Here’s the main problem: Before its redecoration the walls of the studio were covered in shelves full of CDs, videos, reel-to-reel tapes and musical instruments, rackmount units, little toy clowns, Geiger counters, stethoscopes, etc. These relatively complex surfaces and the generally absorbent nature of the material actually did the overall acoustics some good; with lots of clutter, the sound has a lot to 'deal' with… it quickly gets tired and stops acting the giddy goat. But now, post renovation and without the distracting mess, working in the studio is - sonically, at least - like working inside a giant cowbell.

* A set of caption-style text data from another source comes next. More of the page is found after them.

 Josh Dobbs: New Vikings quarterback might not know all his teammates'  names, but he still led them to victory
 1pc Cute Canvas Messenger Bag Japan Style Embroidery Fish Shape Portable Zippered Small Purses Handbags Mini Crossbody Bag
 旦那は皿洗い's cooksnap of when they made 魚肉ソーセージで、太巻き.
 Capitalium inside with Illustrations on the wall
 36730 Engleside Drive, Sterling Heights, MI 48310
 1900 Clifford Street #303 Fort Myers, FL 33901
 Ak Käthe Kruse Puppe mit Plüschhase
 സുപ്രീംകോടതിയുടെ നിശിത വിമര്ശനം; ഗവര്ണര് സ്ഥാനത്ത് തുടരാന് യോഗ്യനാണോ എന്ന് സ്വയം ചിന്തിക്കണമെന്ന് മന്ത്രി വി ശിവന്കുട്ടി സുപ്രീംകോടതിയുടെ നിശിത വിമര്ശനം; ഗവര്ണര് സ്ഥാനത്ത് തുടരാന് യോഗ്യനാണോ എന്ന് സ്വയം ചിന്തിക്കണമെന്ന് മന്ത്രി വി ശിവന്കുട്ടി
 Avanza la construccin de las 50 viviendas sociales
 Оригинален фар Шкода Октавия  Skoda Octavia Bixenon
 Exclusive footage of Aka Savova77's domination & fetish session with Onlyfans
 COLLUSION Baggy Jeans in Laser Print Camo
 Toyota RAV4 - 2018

Whilst annoying, it’s hardly the end of the world. Hanging a bunch of cushions or carpets in carefully chosen places around the room will create rudimentary versions of what are known as “Baffles” (so called because they confuse the sound into submission) and dampen the echoes. Knowing Doug’s DIY fetish this might even involve some clever-clever stuff with foam or varying lengths of wood. All I know is that by midnight last night we were successfully ignoring the room’s minor shortcomings and making full use of its pretty solid soundproofing. Warping, phasing multiple keyboard parts were played at volume into the small hours, and what might well be the last song to be added to the album’s playlist is now well under way.

*Yamaha NS10s, nearfield monitor fans! We’ve had to buy new cones** for these recently. In reggae sound systems you’ll often see that the cones have been deliberately ripped in order to give the bass frequencies a forceful pumping effect. However, I doubt they achieve this effect the way angel tech managed to: by merrily walking the speaker directly into a door handle. Long story.

**The cones are no longer made by Yamaha, and are pretty scarce. There’s a rumour that the paper they are made out of is cut from an endangered species of tree. Given that the Piano*** I inherited from my Grandfather (which I’m beginning to suspect has genuine ivory keys) has now been installed in the room above the studio, I’m estimating Doug and Mary’s house has now become 11% less ethically sound thanks to angel tech. Next, we’ll no doubt discover that Apple Macs are made from dolphins, or something.****

***It’s a beautiful instrument. Tom Waits once said that even a beaten-up, broken piano is infinitely playable. Whilst this one has a “Jerry Lee Lewis” factor of approximately 0.3 out of 10, (hammering it frantically with the fingering style of a grey elephant ain’t really gonna work) it’s a gentle, graceful thing. Perfect for those vaguely hymnal progressions***** and tentative, murky 4am tunes where the chords bleed into one another.

****This is how trouble starts. Someone, somewhere is going to google the phrase “APPLE MACS MADE FROM DOLPHINS,” it'll lead them here, and I’m gonna get sued. Listen: Apple Macs aren’t made from dolphins. Stop googling crap.

*****Speaking of hymnal progressions, alongside the Piano we took delivery of my parents’ Harmonium, a tallish foot-pump affair of the type you used to find in small parish churches. Its bass tones are exceptional, real rattle-the-windows, false-teeth falling-out type stuff. Doug and Mary’s 22-month old son Milo****** took to it instantly, and worked out how to use it in seconds. He stood, both feet on the foot-pumps, paddling away, reaching vainly for the keyboard. Of course, at his size, it looks as if he’s on the cross-trainer in a gothic gymnasium.

******Milo is influencing the LP in various subtle ways. The knock-on effect of having so many toy instruments to mess around with has given some of the album’s textures a child-like quality. We’ve even developed a process for recording Doug’s violin that can best be described as “one-man Suzuki orchestra.” The Suzuki technique teaches children to play an instrument in large groups, having them perform their scales, sketches and exercises in unison, and in the early stages of the learning process this often produces a dense, somehow rickety sound. We ape this by having Doug play his violin parts over and over again on a loop, recording every pass whilst slightly altering the mic location each time and getting Doug to throw in the odd deliberate mistake or odd tuning. It’s a sort of distortion… but without the blunderbuss of sheer volume. Of course, it also means you run out of hard-disc space about twenty times quicker than any normal, sane outfit would.